For a map \( T \) that is linear, like an isomorphism, one important idea is that linearity is preserved: \<\( T(a\mathbf{v} + b\mathbf{w}) = aT(\mathbf{v}) + bT(\mathbf{w}) \).
When we say an inner product is linear in one argument, it means:
For a map \( T \) that is linear, like an isomorphism, one important idea is that linearity is preserved: \<\( T(a\mathbf{v} + b\mathbf{w}) = aT(\mathbf{v}) + bT(\mathbf{w}) \).
When we say an inner product is linear in one argument, it means:
- The result is affected directly in a proportional manner when one of the vectors in the product is scaled or changed by addition.
- Linearity ensures calculations are time-saving and predictable, crucial for complex mathematical problem-solving.
Symmetry
Symmetry in inner product spaces is a straightforward yet elegant property.
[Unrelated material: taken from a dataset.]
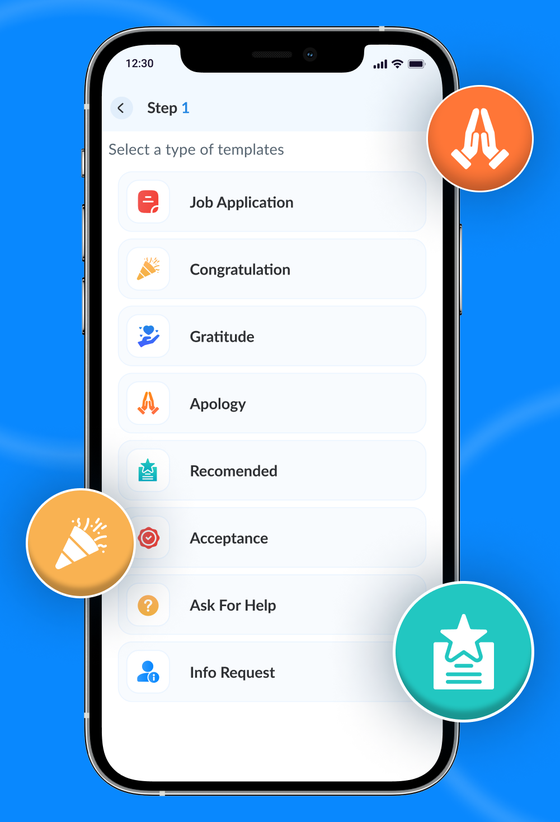 The template chooser, listing Job Application, Congratulation, Gratitude and Apology templates.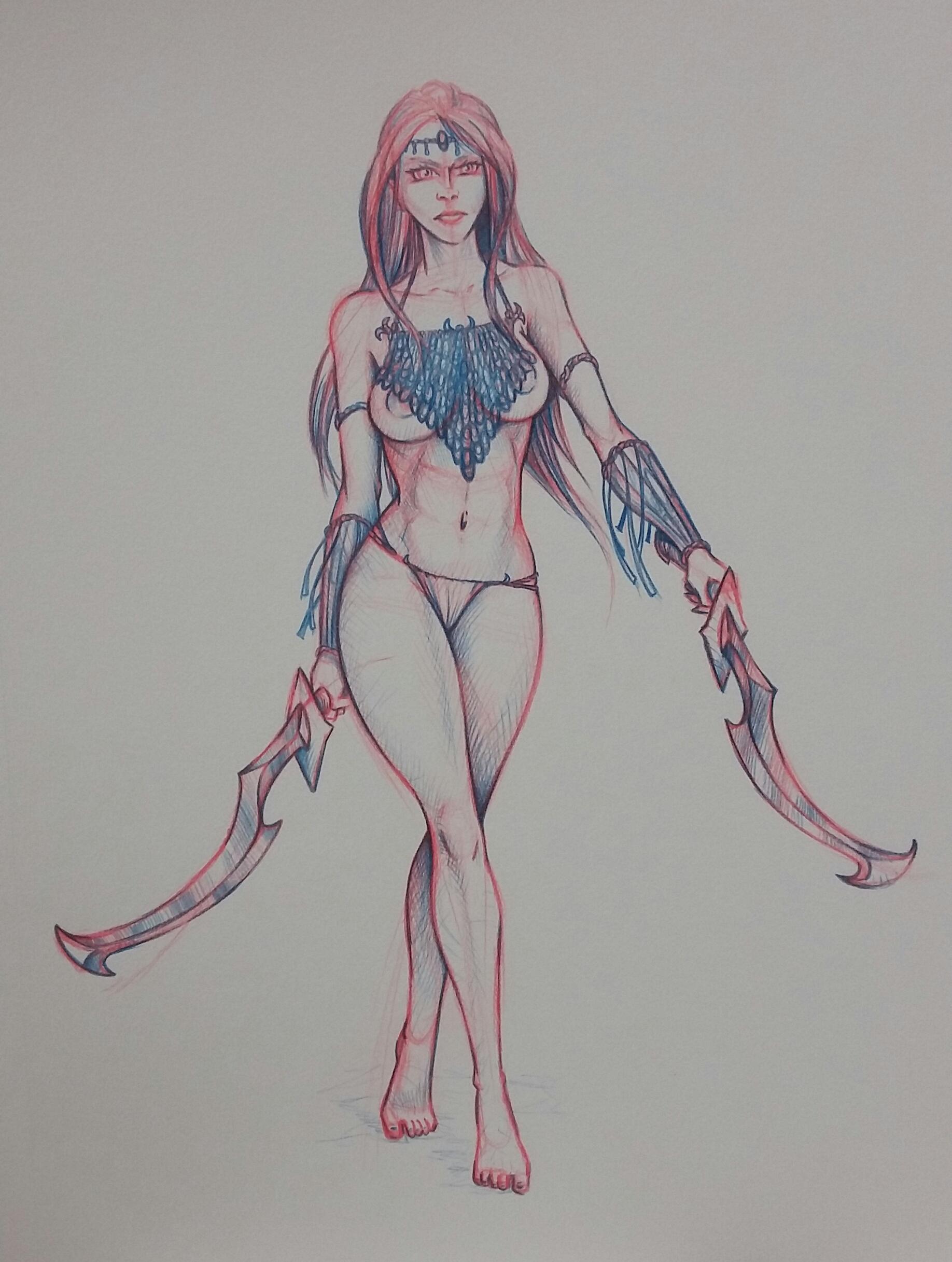 Artwork, Barbaian, Chainmail Bikini, Female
In essence, it states that the order of the vectors in the inner product does not change the result.
Mathematically, this property is shown as \( \langle \mathbf{v}, \mathbf{w} \rangle = \langle \mathbf{w}, \mathbf{v} \rangle \).
Symmetry is important because it simplifies the handling of inner products and assures consistency, making it possible to swap vectors without concern.
Mathematically, this property is shown as \( \langle \mathbf{v}, \mathbf{w} \rangle = \langle \mathbf{w}, \mathbf{v} \rangle \).
Symmetry is important because it simplifies the handling of inner products and assures consistency, making it possible to swap vectors without concern.
- Think of symmetry as the attendance of reciprocity in operations, enforcing fairness and order.
- In practical use, symmetry reduces the risk of error in calculations involving multiple vector operations.
- This property also highlights that inner product spaces are inherently a step towards understanding more profound symmetries in geometry and physics.
Positive Definiteness
Positive definiteness is crucial in defining a valid inner product, ensuring that the inner product of a vector with itself yields a positive number as long as the vector is nonzero.
This condition mathematically translates to \( \langle \mathbf{v}, \mathbf{v} \rangle > 0 \) for all nonzero \( \mathbf{v} \).
Why does this matter? Positive definiteness guarantees that our space behaves in ways that align with notions of length and distance, making the geometry in the space meaningful.
This condition mathematically translates to \( \langle \mathbf{v}, \mathbf{v} \rangle > 0 \) for all nonzero \( \mathbf{v} \).
Why does this matter? Positive definiteness guarantees that our space behaves in ways that align with notions of length and distance, making the geometry in the space meaningful.
- Think of it as guaranteeing there's a measurable, real-world-like sense of distance between points or vectors.
- This property rules out anomalies where measurements could behave unexpectedly (like having zero or negative distances).
- For engineers and physicists alike, positive definiteness is foundational when these principles are applied to model real scenarios.